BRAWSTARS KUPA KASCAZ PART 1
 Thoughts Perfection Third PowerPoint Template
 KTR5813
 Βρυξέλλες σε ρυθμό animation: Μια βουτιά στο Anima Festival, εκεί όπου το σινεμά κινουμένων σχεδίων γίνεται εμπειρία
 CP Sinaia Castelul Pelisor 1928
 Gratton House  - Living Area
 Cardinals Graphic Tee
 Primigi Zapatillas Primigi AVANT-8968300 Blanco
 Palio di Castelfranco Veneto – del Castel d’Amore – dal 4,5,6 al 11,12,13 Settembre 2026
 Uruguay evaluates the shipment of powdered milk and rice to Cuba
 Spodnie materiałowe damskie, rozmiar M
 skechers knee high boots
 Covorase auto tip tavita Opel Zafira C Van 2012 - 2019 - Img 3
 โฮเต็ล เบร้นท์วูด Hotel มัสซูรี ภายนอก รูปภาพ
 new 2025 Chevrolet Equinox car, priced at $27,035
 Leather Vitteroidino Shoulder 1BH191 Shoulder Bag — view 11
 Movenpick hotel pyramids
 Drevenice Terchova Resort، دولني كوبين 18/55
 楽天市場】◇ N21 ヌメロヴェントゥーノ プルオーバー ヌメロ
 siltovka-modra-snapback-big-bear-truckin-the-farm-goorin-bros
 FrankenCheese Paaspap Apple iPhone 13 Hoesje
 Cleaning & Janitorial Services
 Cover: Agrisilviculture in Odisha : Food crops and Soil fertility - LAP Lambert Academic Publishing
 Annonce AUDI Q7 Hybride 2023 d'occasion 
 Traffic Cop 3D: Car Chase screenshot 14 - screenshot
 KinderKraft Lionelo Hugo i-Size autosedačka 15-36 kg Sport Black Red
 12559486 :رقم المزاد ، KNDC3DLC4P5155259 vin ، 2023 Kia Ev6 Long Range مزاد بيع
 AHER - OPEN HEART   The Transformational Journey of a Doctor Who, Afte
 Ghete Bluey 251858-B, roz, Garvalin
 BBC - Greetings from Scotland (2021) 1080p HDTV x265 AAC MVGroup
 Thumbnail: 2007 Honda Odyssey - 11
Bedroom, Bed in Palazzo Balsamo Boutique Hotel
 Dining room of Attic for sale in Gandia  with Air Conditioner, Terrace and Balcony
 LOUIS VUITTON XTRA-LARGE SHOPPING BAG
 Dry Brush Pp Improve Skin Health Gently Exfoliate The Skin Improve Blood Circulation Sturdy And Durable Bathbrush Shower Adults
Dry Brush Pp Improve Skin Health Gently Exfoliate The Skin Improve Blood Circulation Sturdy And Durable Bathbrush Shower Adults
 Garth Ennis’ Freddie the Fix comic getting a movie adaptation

• [Task directions]:
Show every line of the listing containing the string "Brush" by copying it.

• [Response area]:
 Dry Brush Pp Improve Skin Health Gently Exfoliate The Skin Improve Blood Circulation Sturdy And Durable Bathbrush Shower Adults
Dry Brush Pp Improve Skin Health Gently Exfoliate The Skin Improve Blood Circulation Sturdy And Durable Bathbrush Shower Adults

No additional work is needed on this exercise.